A statement from Baldwin’s lawyers, posted by the actor on Twitter, said: “We are grateful to the New Mexico occupational health and safety bureau for investigating this matter.
“We appreciate that the report exonerates Mr Baldwin by making clear that he believed the gun held only dummy rounds.
“Additionally, the report recognises that Mr Baldwin’s authority on the production was limited to approving script changes and creative casting.
“Mr Baldwin had no authority over the matters that were the subject of the bureau’s findings of violations, and we are pleased that the New Mexico officials have clarified these critical issues.
“We are confident that the individuals identified in the report will be held accountable for this tragedy.”
It comes as the Hollywood actor continues to fight a number of lawsuits stemming from the incident.
Cases are being brought by script supervisor Mamie Mitchell, head of lighting Serge Svetnoy and Ms Hutchins’ family.
As well as Baldwin, two of the lawsuits name nearly two dozen defendants associated with the film, including Hannah Gutierrez Reed, who was in charge of weapons on the set.
Lawyers for Gutierrez Reed said the report also showed that the armourer was “not provided adequate time or resources to conduct her job effectively, despite her voiced concerns”.
“Critically, OSHA also determined that production failed to call Hannah in to perform her armorer duties and inspect the firearm right before its use in the impromptu scene with Baldwin,” they said in a statement.
“As we have stated before, had anyone from production called Hannah back into the church before the scene to consult with her, this tragedy would have been prevented.
“Hannah has also reached out to OSHA recently in an effort to provide her suggestions for changes and improvement of safety standards on sets to avoid a tragic incident in the future.”

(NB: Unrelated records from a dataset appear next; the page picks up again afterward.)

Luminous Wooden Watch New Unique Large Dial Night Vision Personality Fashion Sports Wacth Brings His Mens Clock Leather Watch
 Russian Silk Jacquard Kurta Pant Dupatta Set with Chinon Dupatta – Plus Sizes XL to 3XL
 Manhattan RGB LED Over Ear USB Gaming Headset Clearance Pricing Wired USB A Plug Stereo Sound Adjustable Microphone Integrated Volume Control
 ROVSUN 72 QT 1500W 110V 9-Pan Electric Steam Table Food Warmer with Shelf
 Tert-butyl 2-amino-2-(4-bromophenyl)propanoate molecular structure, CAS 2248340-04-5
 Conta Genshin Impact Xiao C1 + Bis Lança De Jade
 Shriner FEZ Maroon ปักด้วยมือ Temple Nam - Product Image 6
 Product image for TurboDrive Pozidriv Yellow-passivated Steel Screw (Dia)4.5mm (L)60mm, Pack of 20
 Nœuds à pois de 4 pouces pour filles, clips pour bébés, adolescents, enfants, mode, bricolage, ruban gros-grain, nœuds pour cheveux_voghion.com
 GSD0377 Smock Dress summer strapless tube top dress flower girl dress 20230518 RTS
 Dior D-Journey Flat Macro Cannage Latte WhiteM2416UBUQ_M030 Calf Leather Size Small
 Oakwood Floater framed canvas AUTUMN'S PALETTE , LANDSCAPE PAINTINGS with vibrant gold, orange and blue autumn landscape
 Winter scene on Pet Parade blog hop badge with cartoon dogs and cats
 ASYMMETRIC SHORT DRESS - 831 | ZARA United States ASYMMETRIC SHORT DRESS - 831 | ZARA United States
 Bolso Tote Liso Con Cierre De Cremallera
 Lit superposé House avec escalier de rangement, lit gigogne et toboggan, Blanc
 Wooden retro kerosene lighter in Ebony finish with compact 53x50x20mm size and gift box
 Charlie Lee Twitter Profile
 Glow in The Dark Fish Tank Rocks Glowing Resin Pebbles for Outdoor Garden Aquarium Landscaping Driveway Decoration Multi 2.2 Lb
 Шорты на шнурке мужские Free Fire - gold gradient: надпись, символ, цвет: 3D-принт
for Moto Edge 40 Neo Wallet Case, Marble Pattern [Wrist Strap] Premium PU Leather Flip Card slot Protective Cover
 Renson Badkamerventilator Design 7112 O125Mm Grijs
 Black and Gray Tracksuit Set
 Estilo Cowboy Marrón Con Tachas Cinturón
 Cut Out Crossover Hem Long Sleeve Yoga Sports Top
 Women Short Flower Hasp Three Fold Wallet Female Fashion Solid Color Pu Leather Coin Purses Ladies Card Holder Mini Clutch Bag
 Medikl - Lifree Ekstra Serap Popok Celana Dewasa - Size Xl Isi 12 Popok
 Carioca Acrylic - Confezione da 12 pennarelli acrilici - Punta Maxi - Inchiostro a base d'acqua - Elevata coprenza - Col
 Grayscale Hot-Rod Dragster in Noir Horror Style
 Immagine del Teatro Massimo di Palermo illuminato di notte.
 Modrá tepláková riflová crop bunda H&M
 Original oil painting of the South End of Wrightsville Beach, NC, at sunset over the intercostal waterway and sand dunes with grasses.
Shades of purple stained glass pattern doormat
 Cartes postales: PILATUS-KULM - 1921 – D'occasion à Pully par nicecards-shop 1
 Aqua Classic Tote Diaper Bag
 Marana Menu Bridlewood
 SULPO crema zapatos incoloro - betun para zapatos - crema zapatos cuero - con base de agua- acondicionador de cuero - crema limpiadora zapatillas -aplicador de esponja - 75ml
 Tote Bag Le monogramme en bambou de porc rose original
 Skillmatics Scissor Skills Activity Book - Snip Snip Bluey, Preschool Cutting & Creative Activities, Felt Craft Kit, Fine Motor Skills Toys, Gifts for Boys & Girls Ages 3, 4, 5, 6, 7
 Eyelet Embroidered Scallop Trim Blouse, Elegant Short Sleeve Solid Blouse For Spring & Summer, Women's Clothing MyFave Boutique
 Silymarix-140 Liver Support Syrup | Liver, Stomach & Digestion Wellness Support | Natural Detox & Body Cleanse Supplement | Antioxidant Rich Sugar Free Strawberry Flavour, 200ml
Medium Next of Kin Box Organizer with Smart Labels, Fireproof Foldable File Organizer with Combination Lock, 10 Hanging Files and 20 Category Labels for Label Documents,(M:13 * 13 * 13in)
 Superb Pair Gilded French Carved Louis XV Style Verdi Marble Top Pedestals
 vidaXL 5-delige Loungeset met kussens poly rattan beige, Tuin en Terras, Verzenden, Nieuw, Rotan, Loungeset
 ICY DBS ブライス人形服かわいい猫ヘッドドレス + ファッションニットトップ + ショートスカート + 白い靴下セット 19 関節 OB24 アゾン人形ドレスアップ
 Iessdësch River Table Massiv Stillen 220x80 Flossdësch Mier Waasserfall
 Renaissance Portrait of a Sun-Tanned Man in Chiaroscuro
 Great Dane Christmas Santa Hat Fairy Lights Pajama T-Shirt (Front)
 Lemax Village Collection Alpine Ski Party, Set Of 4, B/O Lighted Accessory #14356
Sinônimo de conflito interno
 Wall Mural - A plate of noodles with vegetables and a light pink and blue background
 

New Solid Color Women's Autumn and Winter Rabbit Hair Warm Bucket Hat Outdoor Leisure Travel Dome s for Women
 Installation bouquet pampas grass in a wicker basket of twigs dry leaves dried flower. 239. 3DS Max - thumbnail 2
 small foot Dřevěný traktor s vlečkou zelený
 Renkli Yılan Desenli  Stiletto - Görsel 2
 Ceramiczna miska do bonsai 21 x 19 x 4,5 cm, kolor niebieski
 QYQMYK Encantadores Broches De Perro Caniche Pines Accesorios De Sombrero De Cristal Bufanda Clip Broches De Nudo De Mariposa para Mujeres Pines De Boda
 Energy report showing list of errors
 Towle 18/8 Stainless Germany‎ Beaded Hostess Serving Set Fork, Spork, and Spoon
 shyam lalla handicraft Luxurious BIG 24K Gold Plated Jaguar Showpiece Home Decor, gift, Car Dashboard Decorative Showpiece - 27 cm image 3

Environment cabinet secretary James Kenney said: “Our investigation found that this tragic incident never would have happened if Rust Movie Productions, LLC had followed national film industry standards for firearm safety.
“This is a complete failure of the employer to follow recognised national protocols that keep employees safe.
“Employees should speak up about unsafe workplace conditions or report them anonymously to us.”
Robert Genoway, chief of the New Mexico environment department’s occupational health and safety bureau, said: “As a reminder, it is illegal for any employer to retaliate against any employee who alleges a workplace safety violation.”
The bureau said the investigation involved 1,560 hours of staff time, 14 interviews and review of 566 documents.
In January, Baldwin surrendered his mobile phone to authorities as part of the inquiry.
In the wake of the shooting, production on Rust was halted indefinitely while authorities investigated.
In his first interview following the incident, Baldwin told Good Morning America he was dreaming about the incident “constantly”, adding: “I couldn’t give a shit about my career any more.”
He also said he cocked the gun that killed Hutchins but “didn’t pull the trigger”.
In February, Baldwin was in the UK filming for what reports said was the air disaster thriller 97 Minutes.